The practice of fire borrowing ended under provisions included in the omnibus spending bill passed by Congress in late March.  As wildfires intensify across the West, wildland firefighting costs are escalating and often far exceed budget estimates.  The National Interagency Fire Center reports that suppression costs have increased from nearly $240 million in 1985 to more than $2.9 billion in 2017.  This has resulted in agencies, such as the U.S. Forest Service and U.S. Bureau of Land Management diverting funds from important projects that improve the health of our forests and enable recreational activities on our public lands to covering pressing wildfire suppression costs.  This practice, known as fire borrowing, resulted in less resources for the very activities that can prevent large, devastating fires, and the harmful fire cycle worsens as forest health projects are tabled.  The recently enacted law not only improves federal budgeting for wildfires by permitting disaster relief funds to be accessed when fire suppression expenditures exceed their 10-year average, but also includes forest management reforms that will result in significant positive impacts on forest health. 

“This has been a bipartisan bill and a bicameral bill from the outset,” said Crapo during the briefing.  “The battle we have been fighting is that catastrophic fires --one percent of the fires that absorb nearly 30 percent of the firefighting costs—have not been recognized by Congress as natural disasters or been given the funding support that they need.  That has forced our agencies into the very difficult circumstance of fire borrowing, which took away from the other functions of the forest service and the Bureau of Land Management.” 

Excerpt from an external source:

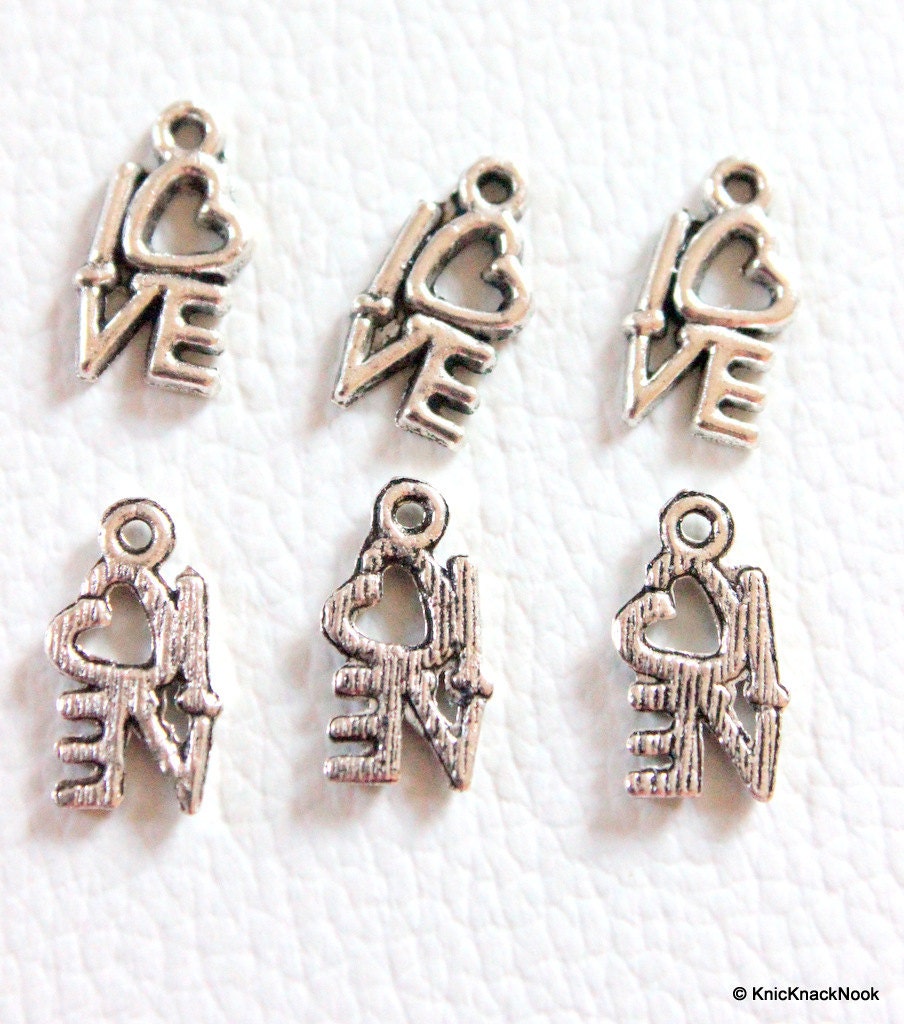 6 x Heart 'I Love' Zinc Alloy Silver Tone Charms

"We’ve redone the way that firefighting is going to be funded, to free up the agency’s money to be used for what it should be used for - and that is land management,” Risch said at the press conference. "This has not been a Republican versus Democrat issue – it has been a great, bipartisan team effort." 

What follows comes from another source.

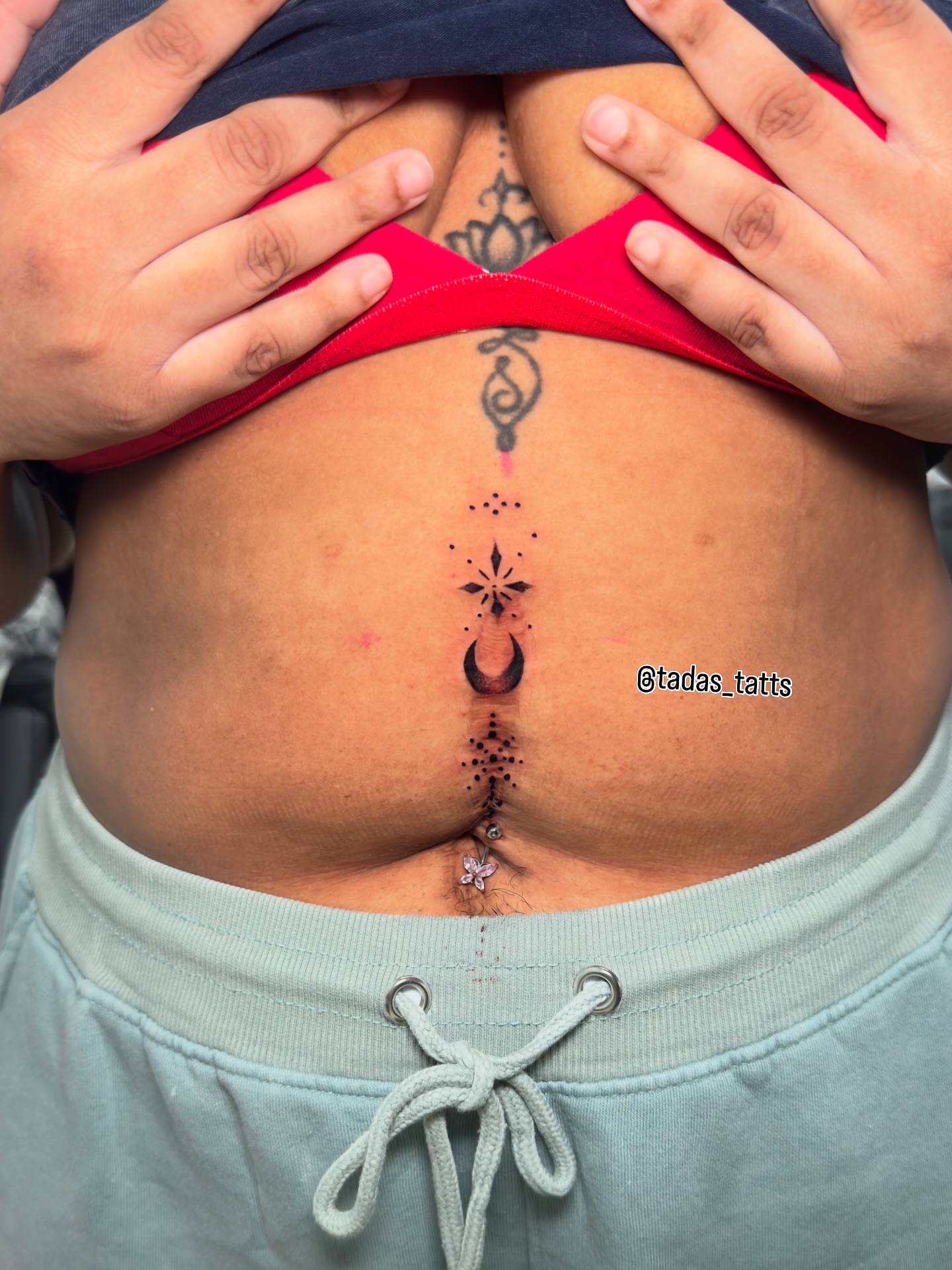 Geometric dotwork tattoo on the torso by thee Magician🧞♀️, Atlanta, Georgia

“This is perhaps the most important piece of legislation Congress has passed to help the Forest Service in the last 50 years,” said Simpson. “If we had not passed this bill, the Forest Service would have seen their fire costs grow to over 67 percent, essentially making them the Fire Service, and further decimating important programs, like trails maintenance, grazing, and recreation.  Between the fire borrowing fix and the management reforms, we are giving land management agencies the tools to help prevent catastrophic fires.” 

According to NIFC predictions, large parts of the western U.S. are predicted to have above average potential for significant wildfire activity this year.  The "National Significant Wildland Fire Potential Outlook," released May 1st, predicts above average significant wildland fire potential in about a dozen Western states at various times between now and the end of August, including Arizona, California, Colorado, Idaho, Kansas, Montana, Nevada, New Mexico, Oregon, Texas, Utah, and Washington.  

"By mid-summer, we expect warmer and drier than average conditions, large amounts of grass, melting of below average snowpack, and increasing potential for thunderstorm activity and lightning starts to create above average potential for significant wildfire activity in a large part of the western U.S.," said Ed Delgado, National Program Manager, Predictive Services, NIFC, adding that wildland fire potential depends on weather and fuel conditions, which can and often do change.  As a result of these changes, NIFC issues an updated Outlook on the first day of each month. The number of wildfires and acres burned annually depends not only on wildland fire potential, but also on the number and timing of lightning and human caused ignitions.